= Lord Tyger =

1970 novel by Philip José Farmer

First edition (publ. Doubleday)

Lord Tyger is an American novel by Philip José Farmer. Originally released in 1970, the book is a metafictional pastiche of one of Farmer's favorite subjects, Edgar Rice Burroughs' Tarzan.

==Plot summary==
Ras Tyger has lived in the jungle for as long as he can remember. Raised by apes, he lives an idyllic existence as the lord of the jungle, gleefully hunting prey and feeding his prodigious sexual appetite with various female denizens of his jungle.
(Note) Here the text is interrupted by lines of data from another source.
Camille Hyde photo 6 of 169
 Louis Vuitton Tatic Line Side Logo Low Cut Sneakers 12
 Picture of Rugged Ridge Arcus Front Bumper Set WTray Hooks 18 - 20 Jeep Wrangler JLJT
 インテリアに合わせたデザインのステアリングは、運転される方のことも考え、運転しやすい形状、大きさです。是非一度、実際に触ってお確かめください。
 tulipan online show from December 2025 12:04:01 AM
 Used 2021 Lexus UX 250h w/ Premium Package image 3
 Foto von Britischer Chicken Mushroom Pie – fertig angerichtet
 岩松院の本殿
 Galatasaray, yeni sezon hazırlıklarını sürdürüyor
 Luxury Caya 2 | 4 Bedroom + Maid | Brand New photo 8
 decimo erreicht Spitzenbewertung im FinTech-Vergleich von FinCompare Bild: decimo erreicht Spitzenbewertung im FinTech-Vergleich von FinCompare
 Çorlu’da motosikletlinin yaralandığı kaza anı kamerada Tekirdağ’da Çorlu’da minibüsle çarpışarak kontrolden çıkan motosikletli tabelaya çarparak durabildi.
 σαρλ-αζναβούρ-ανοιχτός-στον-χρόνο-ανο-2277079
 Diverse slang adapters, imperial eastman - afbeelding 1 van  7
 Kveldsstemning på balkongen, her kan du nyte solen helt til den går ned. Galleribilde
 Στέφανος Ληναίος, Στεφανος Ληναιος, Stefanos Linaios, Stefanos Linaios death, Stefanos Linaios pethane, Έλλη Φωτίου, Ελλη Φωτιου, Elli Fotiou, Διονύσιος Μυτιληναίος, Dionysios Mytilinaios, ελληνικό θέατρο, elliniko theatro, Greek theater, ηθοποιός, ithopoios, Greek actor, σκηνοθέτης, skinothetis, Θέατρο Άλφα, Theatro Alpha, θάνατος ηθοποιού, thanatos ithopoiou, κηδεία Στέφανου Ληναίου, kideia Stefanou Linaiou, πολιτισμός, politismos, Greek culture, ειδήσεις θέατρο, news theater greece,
Eventually, however, Tyger begins to suspect that all is not as it seems. He sees strange giant birds, black and without movement aside from their spinning wings atop their heads. He sees other apes raising their young and ponders why his childhood was so different. Always receiving more questions than answers, the more Tyger explores his universe, the more it begins to deconstruct before his very eyes.

Ultimately, Tyger discovers that his entire life is a fraud, a construct. A crazed millionaire named Boygur has, in an effort to reproduce the Tarzan novels he loved as a child, purchased a young English nobleman (Tyger) and created a complex series of jungle environs for him to live within. He hires two dwarfs to act as his ape parents, and has two huge black helicopters (Tyger's "giant birds") patrol the area to keep outsiders out, and insiders in.

Ultimately, neither Tyger nor Boygur get what they desire. Tyger cannot handle the harshness of his newfound reality, and Boygur is shocked and appalled when the jungle superman he has raised is far from innocent. At the end of the book, Boygur sadly notes that "things went their own way."

==Reaction and analysis==
Critics' reaction to the book varied wildly. While many admired the creativity of Farmer's premise and his exploration and rethinking of Burroughs' Tarzan mythos, others condemned the book for its sometimes graphic content. Algis Budrys declared Lord Tyger to be "an entertaining, rich, inventive adventure novel in the best sense, with its most lyrical passages far surpassing any effect Edgar Rice Burroughs was ever able to achieve."

Farmer's handling of Tarzan has been met with different reactions. Some said that he succeeded in creating a "real" Tarzan, or that it even surpassed Burroughs' original work.

Even those who did not enjoy the plot or revisionism of the book still found Farmer's writing to be of high quality.

==Publishing history==
Lord Tyger was first released by Doubleday in 1970, as a hardcover. This edition featured cover art by Seymour Chwast. It was reprinted as a paperback by Signet with cover art by Bob Pepper, in 1972. It was first released in the United Kingdom as a Panther paperback in 1974, featuring cover art by Richard Clifton-Dey. Another Signet edition, this time in 1981, was a "Signet Double Science Fiction" paired with Farmer's earlier novel Flesh. The Richard Clifton-Dey artwork was re-used for the latest edition, a 1985 Granada paperback.

The French language edition was entitled Le Tigre Africain, roughly "The African Tiger".